Najarian highlighted that Bank of America could gain from a more lenient final capital rule, noting the bank's strong propensity to repurchase shares, with current buybacks at $3.5 billion per quarter. The analyst anticipates Bank of America will buy back $18 billion worth of stock in 2025, which would represent 5% of its current market capitalization of $348.35 billion. InvestingPro data reveals the bank has maintained dividend payments for 54 consecutive years, with 11 straight years of dividend increases, demonstrating a strong commitment to shareholder returns.
The UBS analyst also pointed to potential advantages for Bank of America in capital markets. With expectations of a capital markets resurgence in 2025, Bank of America is poised to benefit, potentially at a lower valuation multiple than competitors like JPMorgan or brokerage firms. Although UBS's estimates are conservative, forecasting a 3% year-over-year growth in trading and an 18% increase in investment banking, any additional upside could significantly impact the bank's bottom line.
Najarian's projections include a consolidated expense growth of 3.5% for Bank of America, which is considered high for the bank. However, the analyst suggests that any positive developments in capital markets would likely contribute to profit, despite the anticipated increase in expenses.
The upgrade by UBS reflects a positive outlook for Bank of America, as it stands to benefit from both deregulation and a potential uptick in capital markets activity. The new price target of $53.00 indicates a belief in the bank's capacity to outperform its current valuation and deliver shareholder value through strategic buybacks and capitalizing on market opportunities. Trading at a P/E ratio of 16.4x, with analyst targets ranging from $39.50 to $58.00, BAC offers compelling metrics that can be explored in depth through InvestingPro's comprehensive research reports, available for over 1,400 US stocks.
In other recent news, Bank of America has been the subject of several important developments. The Office of the Comptroller of the Currency (OCC) issued a cease and desist order against the bank due to deficiencies in its anti-money laundering measures. Bank of America, along with JPMorgan Chase (NYSE:JPM) and Wells Fargo (NYSE:WFC), also faces a lawsuit from the Consumer Financial Protection Bureau (CFPB) over alleged failures to protect consumers from fraud on the Zelle payment network. Furthermore, the CFPB has taken action against Bank of America for illegal practices related to credit card rewards programs.

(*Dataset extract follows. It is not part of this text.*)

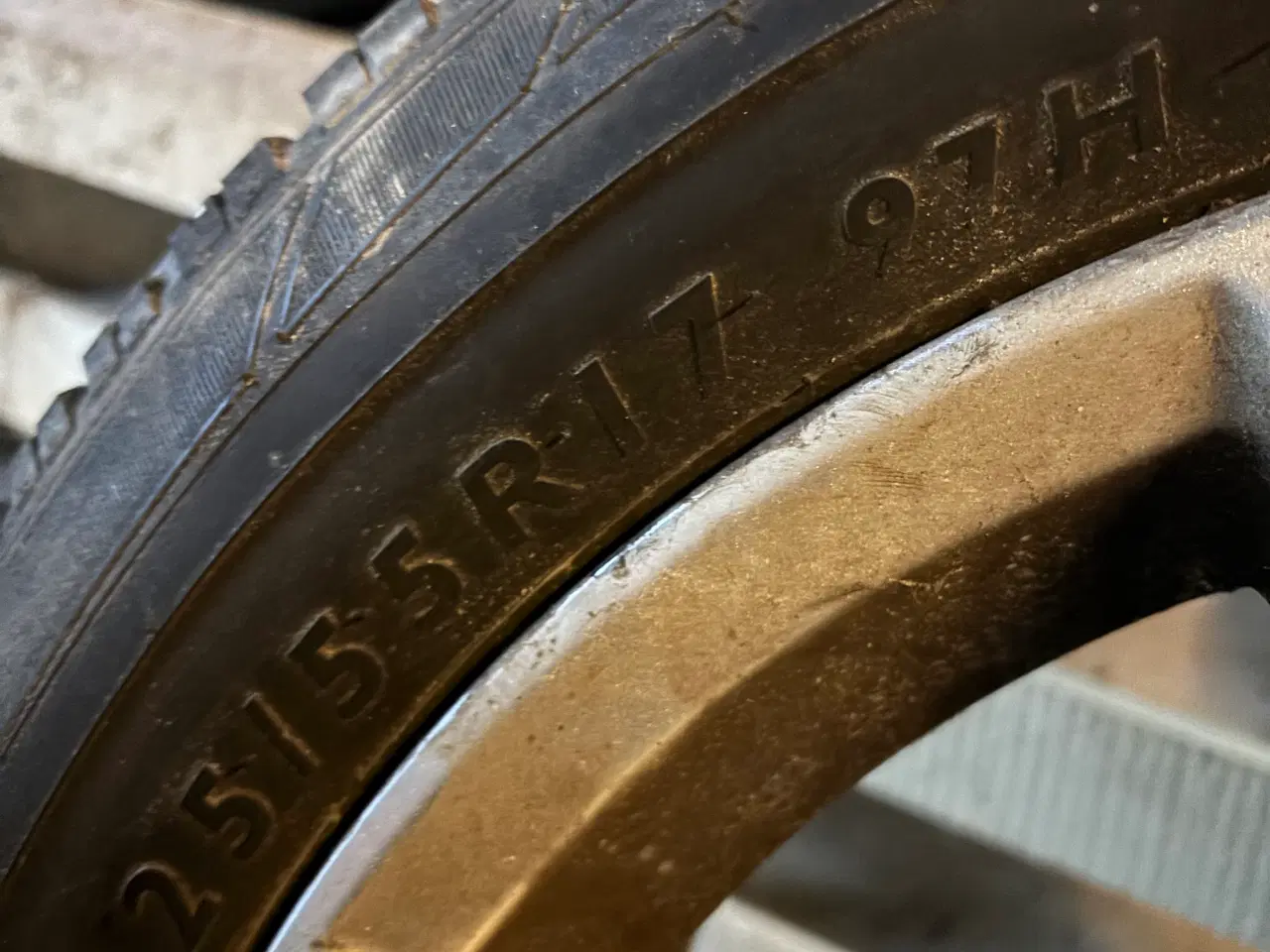 Billede 5 - Vinterdæk med fælge til BMW 5-serien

On a positive note, both CFRA and Citi have upgraded Bank of America's stock. CFRA raised its rating to "Buy" from "Hold" and set a price target of $53, citing expectations of strong net interest income and non-interest income. Citi, meanwhile, upgraded the bank's rating from "Neutral" to "Buy" and raised the price target to $54, highlighting potential returns above 15%.

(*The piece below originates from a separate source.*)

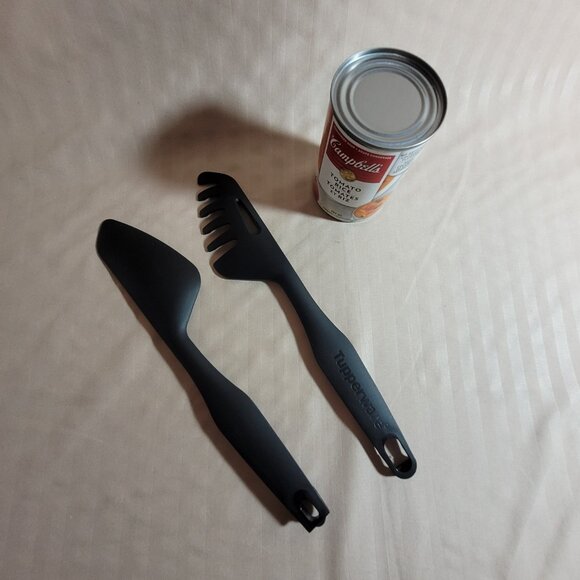 Tupperware Tongs - Picture 2 of 6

These are recent developments that have had an impact on Bank of America. The bank is actively addressing the regulatory actions and continues to work with the OCC to enhance its anti-money laundering measures. It is also cooperating with the CFPB in relation to the allegations concerning Zelle and credit card practices. Meanwhile, the upgrades from CFRA and Citi reflect a positive outlook on the bank's financial performance.